Yet another world aviation body, the International Air Transport Association wants governments to criminalize the shipping of dangerous goods. James Woodrow, who heads IATA’s Cargo Committee, is also chief of Cathay Pacific Cargo. He recently told delegates to the World Cargo Symposium in Shanghai, “Flagrant abuses of dangerous goods shipping regulations, which place aircraft safety at risk, must be criminalized.”
At the same time IATA, at least as of this writing, is not ready to endorse an outright ban of bulk shipments of lithium-ions on passenger aircraft. “We don’t believe that a total prohibition is the correct approach,” says Perry Flint, IATA’s head of corporate communications for The Americas. He says IATA has seen no incidents “involving correctly manufactured and properly compliant shipments.”

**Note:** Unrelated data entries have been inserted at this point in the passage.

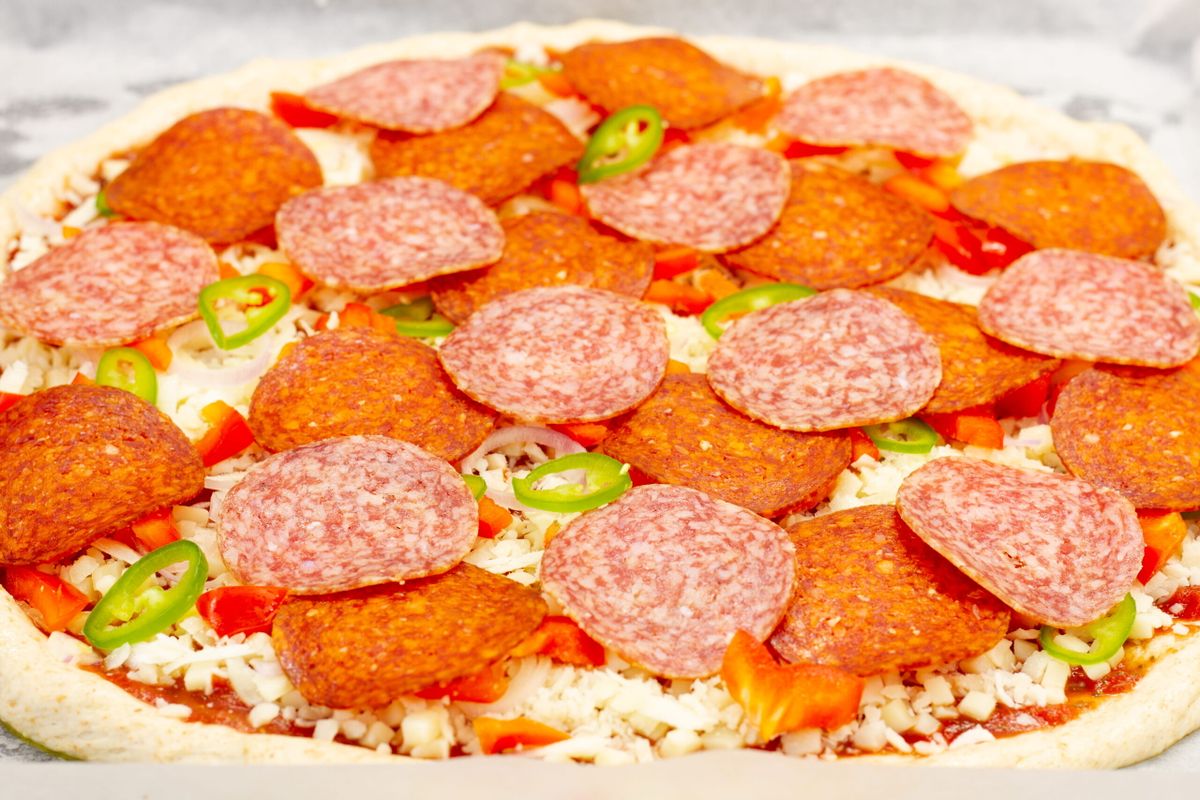 Pizza with pepperoni and salami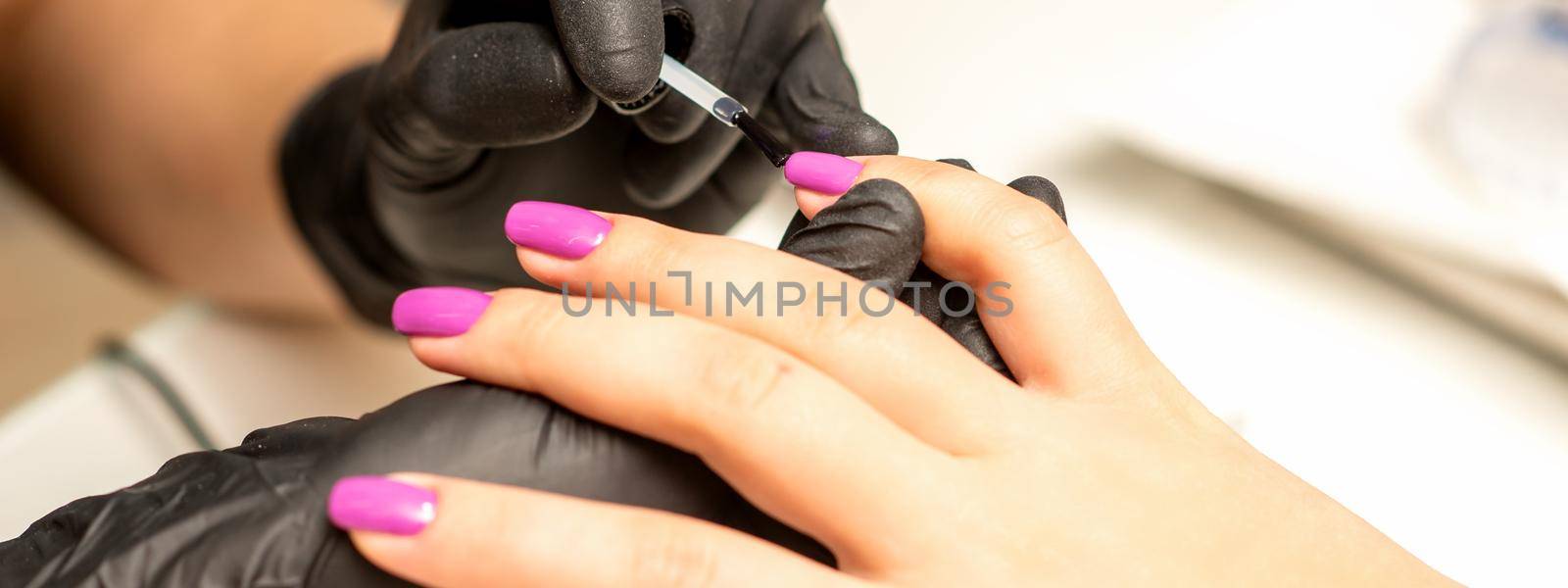 Professional manicure. A manicurist is painting the female nails of a client with purple nail polish in a beauty salon, close up. Beauty industry concept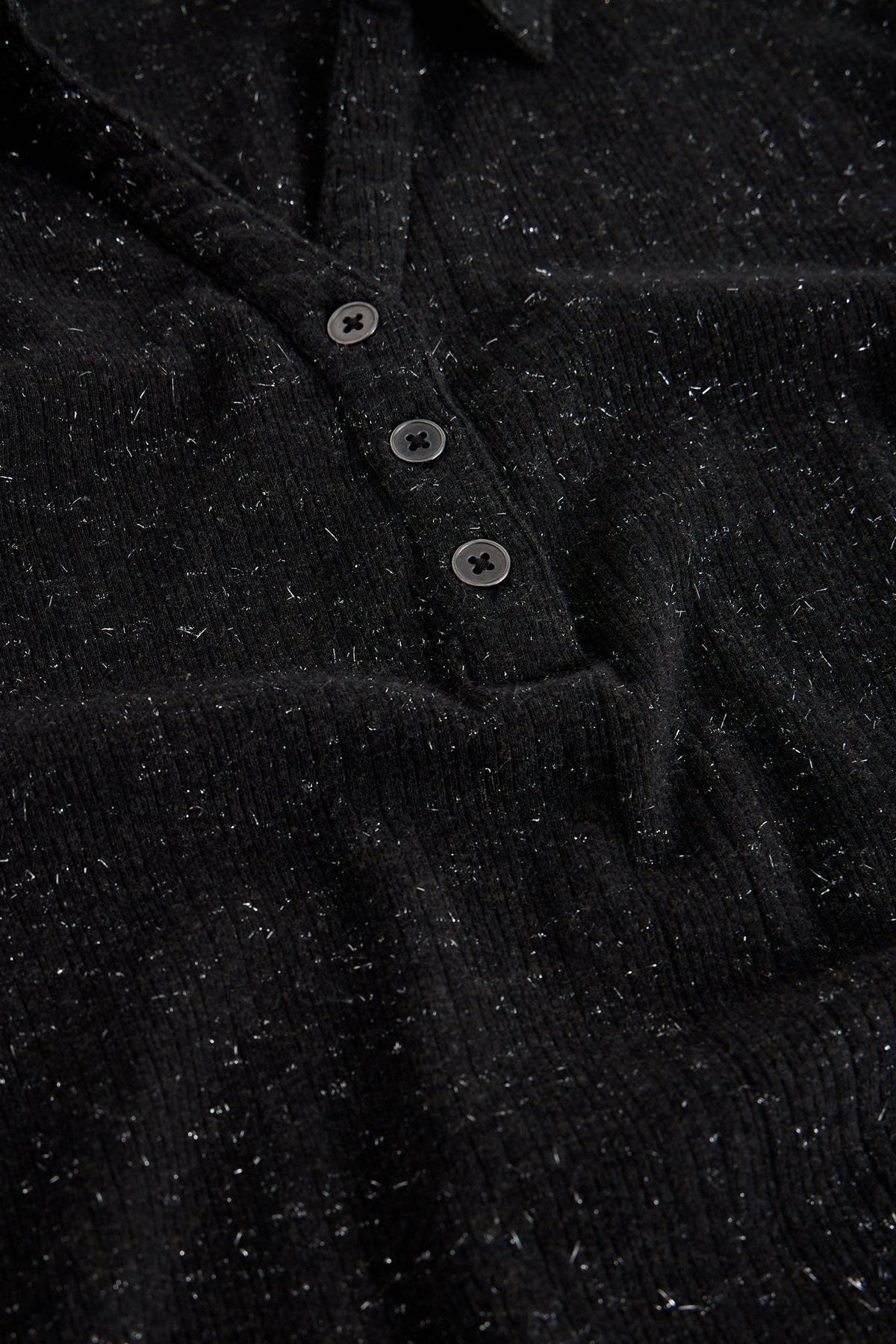 Close up of a black rib cotton polo top with silver sparkle detail and buttons.
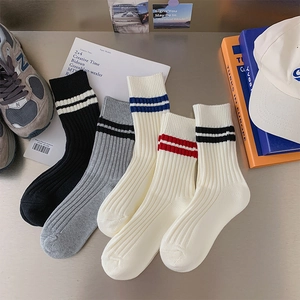 Five pairs of thick combed cotton ribbed socks with double stripes in casual setting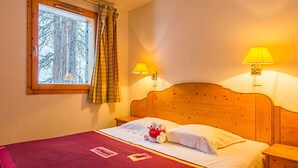 Ett hotellrum med en sänggavel i trä, två sänglampor, ett fönster med gardiner och en säng med ett rött överkast.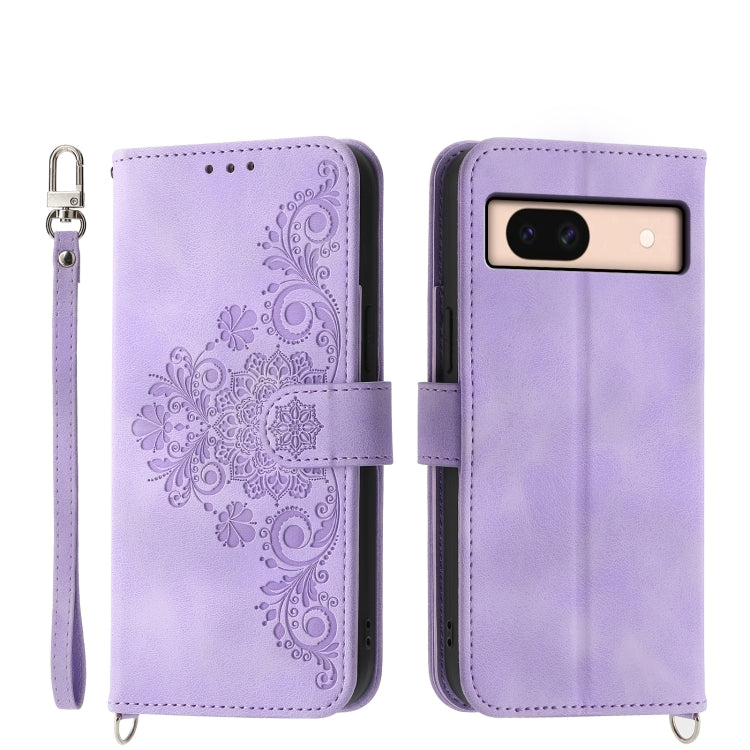 Embossed leather wallet phone case in lavender purple with floral pattern and wrist strap
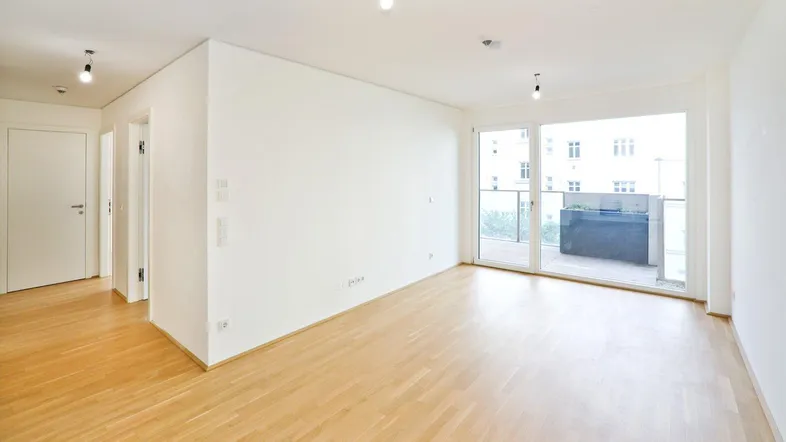 Helles, unfurniertes Wohnzimmer mit Parkettboden und Zugang zu einem Balkon.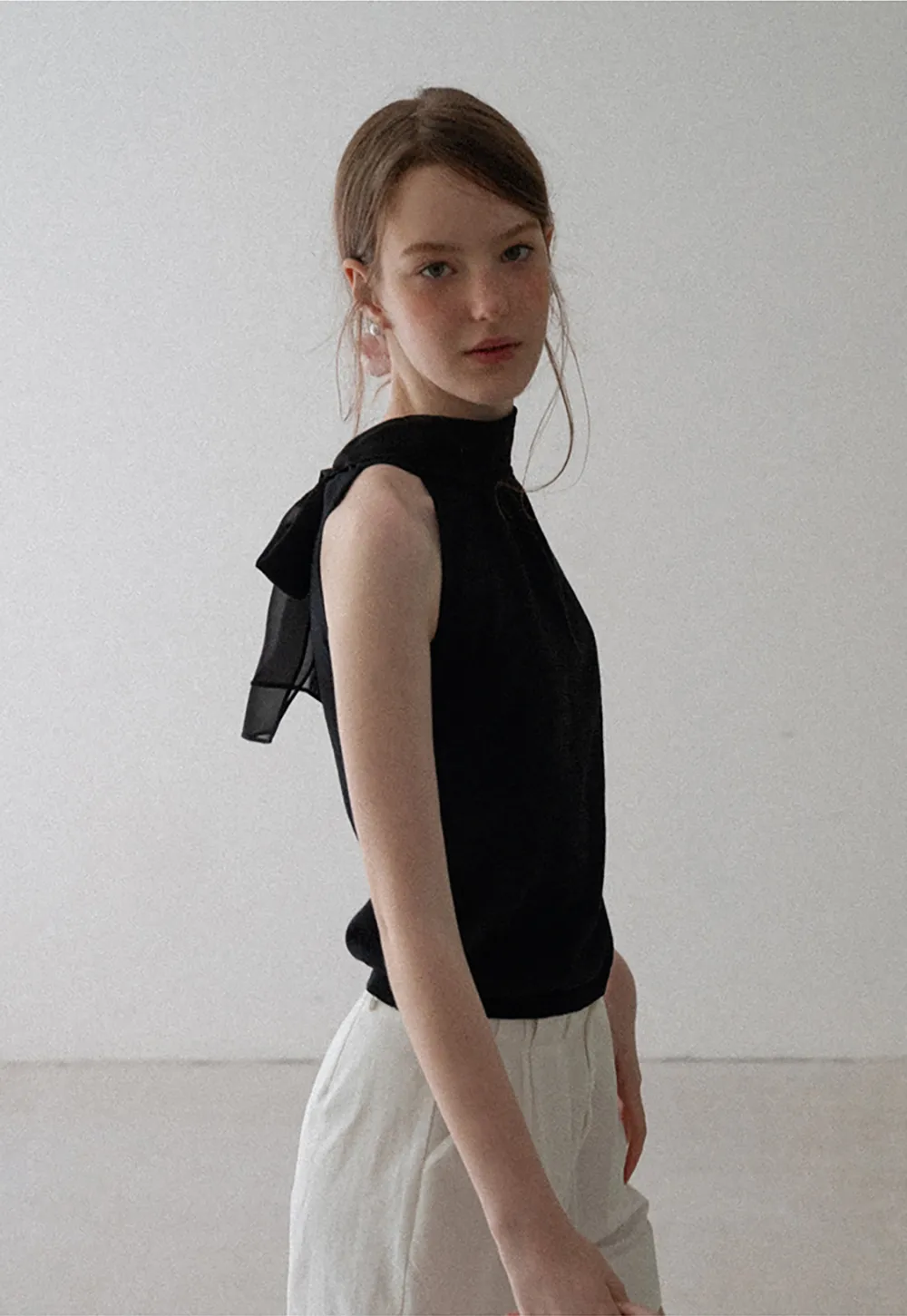Pull sans manches en maille avec nœud papillon dans le dos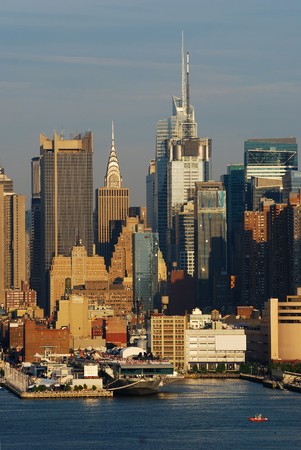 New York City Manhattan skyline at sunset with skyscrapers over Hudson river.の写真素材
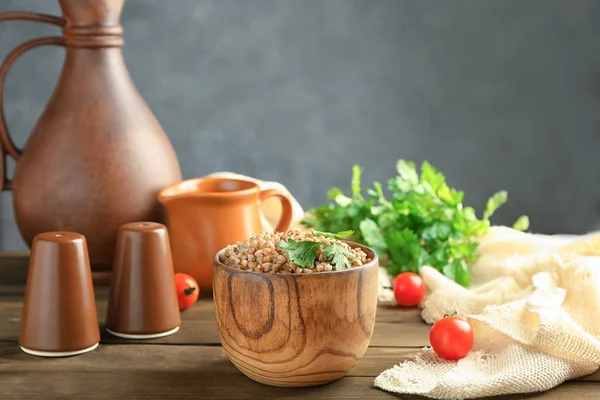 Wooden bowl with buckwheat porridge — Stock Photo, Image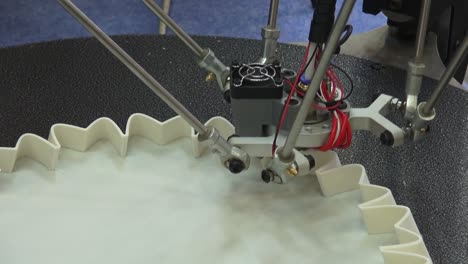 close up of a 3d printer prinring a vase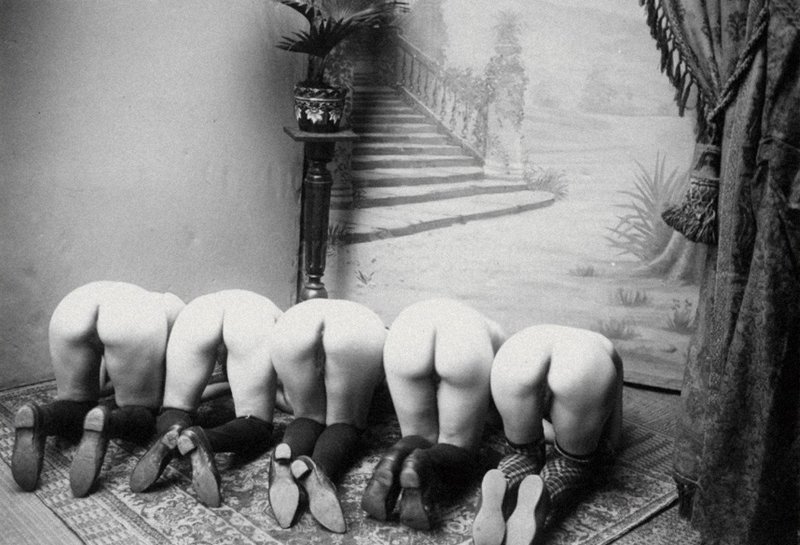 vintage photo of five bare bottoms bent over for spanking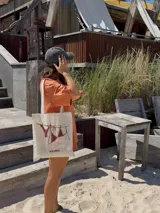 Tote bag de tela color crudo con asas blancas y estampado de un bikini secándose en una cuerda.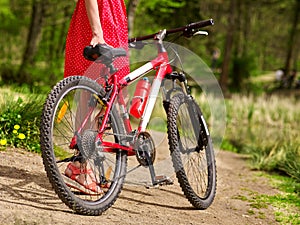 Girl wearing red polka dots dress rides bicycle into park.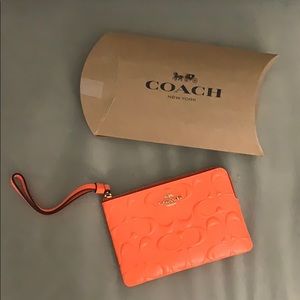 Coach neon orange wristlet NWT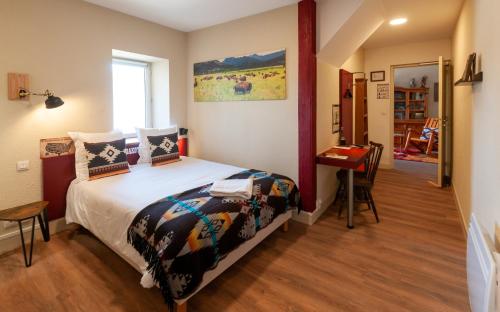 a bedroom with a bed and a table in it at Hotel Le Ranch in Brûlon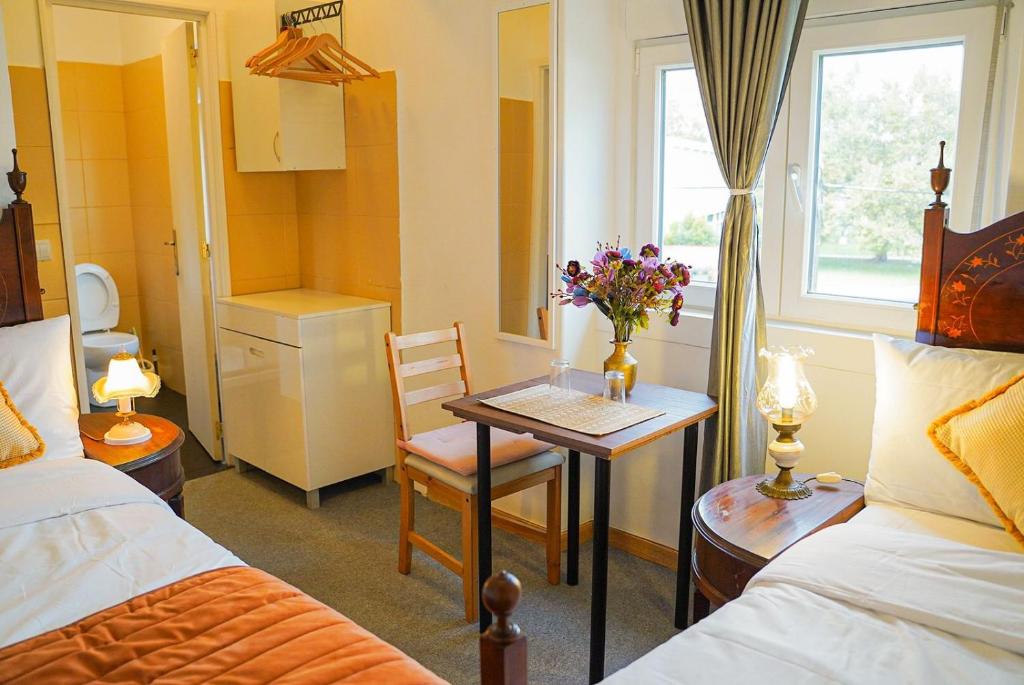 una camera d'albergo con un tavolo con fiori di Residencial Airside Palace a Lisbona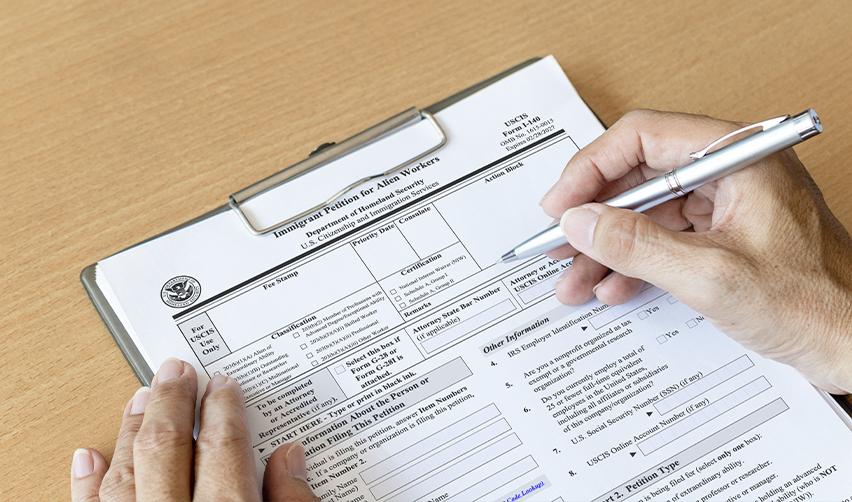 Close-up of a person filling out Form I-140 for a Green Card petition, illustrating the importance of ensuring immigration paperwork is timely filed with the United States Citizenship and Immigration Services.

As the bureaucratic back and forth continues, some carriers have taken matters into their own hands, and unambiguously prohibited bulk shipments of the batteries on their aircraft. United Airlines, Virgin Australia, Qantas and Delta Air Lines are four of them. United spokesman Charles Hobart, citing safety concerns, says, “While the risk is minimal, United has chosen to eliminate this potential risk by no longer accepting or loading any bulk shipments of UN3480 lithium ion batteries.”
How many other airlines follow suit remains to be seen. That could become clearer as IACO prepares to tackle the topic.
None of this means you can’t still take that lithium-ion-powered computer of yours into the passenger cabin in your carry-on hand luggage. However, you can’t pack any lithium-powered devices, including laptops, in a checked bag. As for spare lithium-ion batteries, they’re also limited to carry-on only, and they should be individually protected from short-circuits by taping the terminals or putting them in a sealable plastic bag.